Digicel’s Pacific mobile networks deal  threatened by ‘discriminatory’ new tax

The €91m tax has been described by Digicel as "sudden, bizarre and unprecedented tax”
Digicel’s Pacific mobile networks deal  threatened by ‘discriminatory’ new tax

Digicel’s Irish founder, Denis O’Brien, met with the PNG prime minister, James Marape, last week to try to resolve the matter.

Digicel Group says it is considering legal options after Papua New Guinea (PNG) imposed a $100m (€91m) tax that the telecoms firm said had potential “implications” for the planned $1.57bn (€1.43bn) sale of the Pacific’s biggest mobile network to Australia’s Telstra.

Telstra Corp said last October that it would buy the Pacific operations of Digicel in a deal largely funded by the Australian government, seen by observers as a way to block China’s rising influence in the region. The operations include 2.5m mobile phone subscribers across PNG, Fiji, Vanuatu, Tonga, Samoa and Nauru.

Meeting

Digicel’s Irish founder, Denis O’Brien, met with the PNG prime minister, James Marape, last week to try to resolve the matter, Digicel said in a statement.
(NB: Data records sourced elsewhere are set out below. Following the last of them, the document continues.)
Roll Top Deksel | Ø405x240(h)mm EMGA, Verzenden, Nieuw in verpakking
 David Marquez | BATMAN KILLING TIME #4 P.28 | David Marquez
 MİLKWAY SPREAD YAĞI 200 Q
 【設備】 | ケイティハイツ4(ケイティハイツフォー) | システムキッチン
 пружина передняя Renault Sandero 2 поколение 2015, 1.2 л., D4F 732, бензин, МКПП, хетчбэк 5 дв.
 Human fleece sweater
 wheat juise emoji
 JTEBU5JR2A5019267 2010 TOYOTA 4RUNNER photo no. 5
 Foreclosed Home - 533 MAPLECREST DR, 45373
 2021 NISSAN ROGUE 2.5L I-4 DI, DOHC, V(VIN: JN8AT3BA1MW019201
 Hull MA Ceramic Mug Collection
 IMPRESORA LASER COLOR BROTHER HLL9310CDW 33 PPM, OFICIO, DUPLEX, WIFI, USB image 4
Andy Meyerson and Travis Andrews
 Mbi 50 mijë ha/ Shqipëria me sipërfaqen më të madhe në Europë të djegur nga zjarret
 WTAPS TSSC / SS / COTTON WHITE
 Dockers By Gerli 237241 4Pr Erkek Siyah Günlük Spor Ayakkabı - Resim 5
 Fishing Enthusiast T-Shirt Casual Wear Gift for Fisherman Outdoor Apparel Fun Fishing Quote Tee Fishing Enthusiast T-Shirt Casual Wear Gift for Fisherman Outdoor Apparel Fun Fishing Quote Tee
It said a “new, arbitrary, company-specific tax” was introduced on 25 March which was “perplexing not just for Digicel but also for the Papua New Guinea economy given the reputational and credit rating implications of this sudden, bizarre and unprecedented tax”.

The act imposed a one-time tax liability on Digicel equal to about $100m with a further penalty of $14m (€12.7m) for non-payment.

“This matter requires urgent resolution given its implications for the sale of Digicel’s Pacific operations to Telstra but also given the knock-on consequences for all foreign direct investment exiting Papua New Guinea,” the statement said.

“Digicel is now engaged in discussions with the Papua New Guinea government and other relevant stakeholders.” Marape’s office did not immediately respond to a request for comment.

A Telstra spokesman said in a statement that the PNG tax was a matter for the current owner of Digicel Pacific. It said it was still awaiting PNG regulatory approvals for the deal.

Flagged

The tax was first flagged last November when PNG outlined its 2022 budget measures. Parliament was told Digicel holds 90% of the retail mobile voice and internet market.

The tax applies only to companies that control more than 40% of PNG’s market for telecommunications and banking. Bank of South Pacific, the only other company affected, told the Australian Stock Exchange on Friday the tax came into effect on 25 March and must be paid annually in September.